START Recorded data
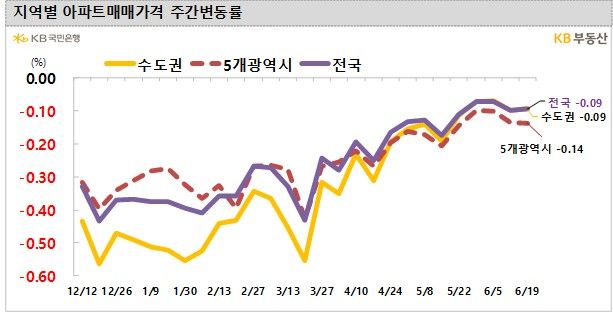 서울 아파트 매매가격 4주째 보합권…-0.07%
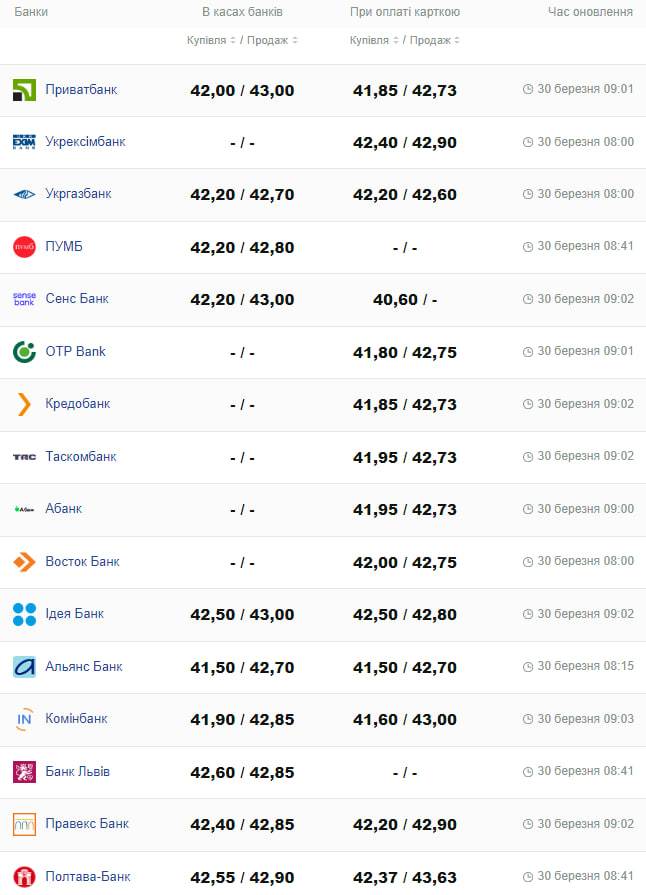 Курс євро в банках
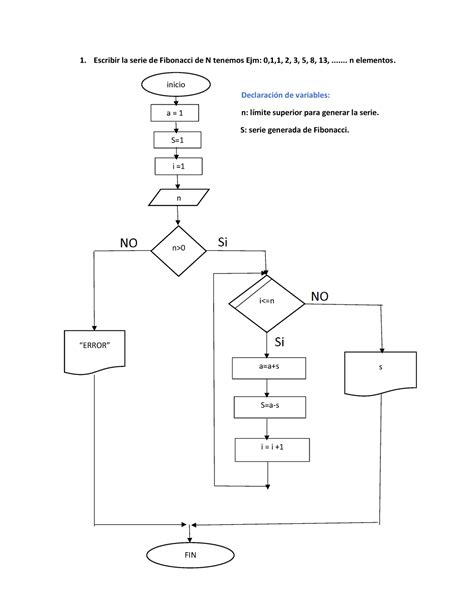 Flujograma Ejercicio 01 Fusionado 1 Escribir La Serie De Fibonacci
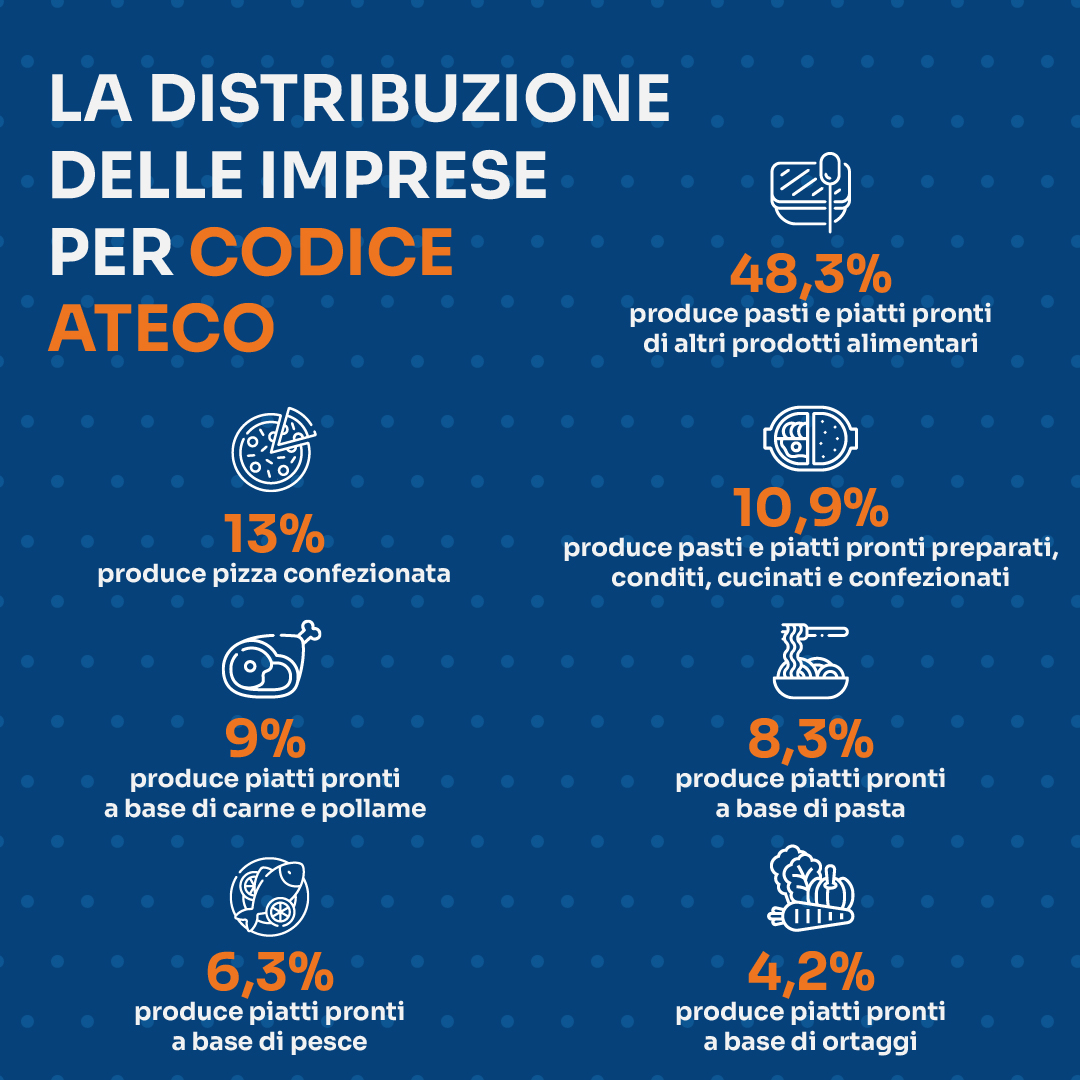 distribuzione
END Recorded data
Work item => Retype the data in full. Images do not go in the copy.

Answer section =>
 서울 아파트 매매가격 4주째 보합권…-0.07%
 Курс євро в банках
 Flujograma Ejercicio 01 Fusionado 1 Escribir La Serie De Fibonacci
 distribuzione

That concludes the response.